** Task objective **
Take the listing and print it in full, exactly as given.
╭─ Excerpted data
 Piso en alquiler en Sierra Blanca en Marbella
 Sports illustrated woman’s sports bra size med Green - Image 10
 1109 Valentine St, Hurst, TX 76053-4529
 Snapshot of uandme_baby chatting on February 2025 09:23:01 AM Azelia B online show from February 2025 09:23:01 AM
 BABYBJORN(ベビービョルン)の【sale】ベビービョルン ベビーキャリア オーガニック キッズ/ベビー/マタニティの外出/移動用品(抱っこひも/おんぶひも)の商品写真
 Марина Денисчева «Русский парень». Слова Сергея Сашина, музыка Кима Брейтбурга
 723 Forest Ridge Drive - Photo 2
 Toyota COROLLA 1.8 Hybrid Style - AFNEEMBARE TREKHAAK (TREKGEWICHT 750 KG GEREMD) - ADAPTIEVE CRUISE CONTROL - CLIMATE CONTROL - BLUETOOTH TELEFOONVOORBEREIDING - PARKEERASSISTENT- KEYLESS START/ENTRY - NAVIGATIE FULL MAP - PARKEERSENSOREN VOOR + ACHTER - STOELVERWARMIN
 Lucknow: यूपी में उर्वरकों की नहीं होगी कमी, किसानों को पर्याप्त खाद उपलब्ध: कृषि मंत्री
╰─
** Answer below **
 Piso en alquiler en Sierra Blanca en Marbella
 Sports illustrated woman’s sports bra size med Green - Image 10
 1109 Valentine St, Hurst, TX 76053-4529
 Snapshot of uandme_baby chatting on February 2025 09:23:01 AM Azelia B online show from February 2025 09:23:01 AM
 BABYBJORN(ベビービョルン)の【sale】ベビービョルン ベビーキャリア オーガニック キッズ/ベビー/マタニティの外出/移動用品(抱っこひも/おんぶひも)の商品写真
 Марина Денисчева «Русский парень». Слова Сергея Сашина, музыка Кима Брейтбурга
 723 Forest Ridge Drive - Photo 2
 Toyota COROLLA 1.8 Hybrid Style - AFNEEMBARE TREKHAAK (TREKGEWICHT 750 KG GEREMD) - ADAPTIEVE CRUISE CONTROL - CLIMATE CONTROL - BLUETOOTH TELEFOONVOORBEREIDING - PARKEERASSISTENT- KEYLESS START/ENTRY - NAVIGATIE FULL MAP - PARKEERSENSOREN VOOR + ACHTER - STOELVERWARMIN
 Lucknow: यूपी में उर्वरकों की नहीं होगी कमी, किसानों को पर्याप्त खाद उपलब्ध: कृषि मंत्री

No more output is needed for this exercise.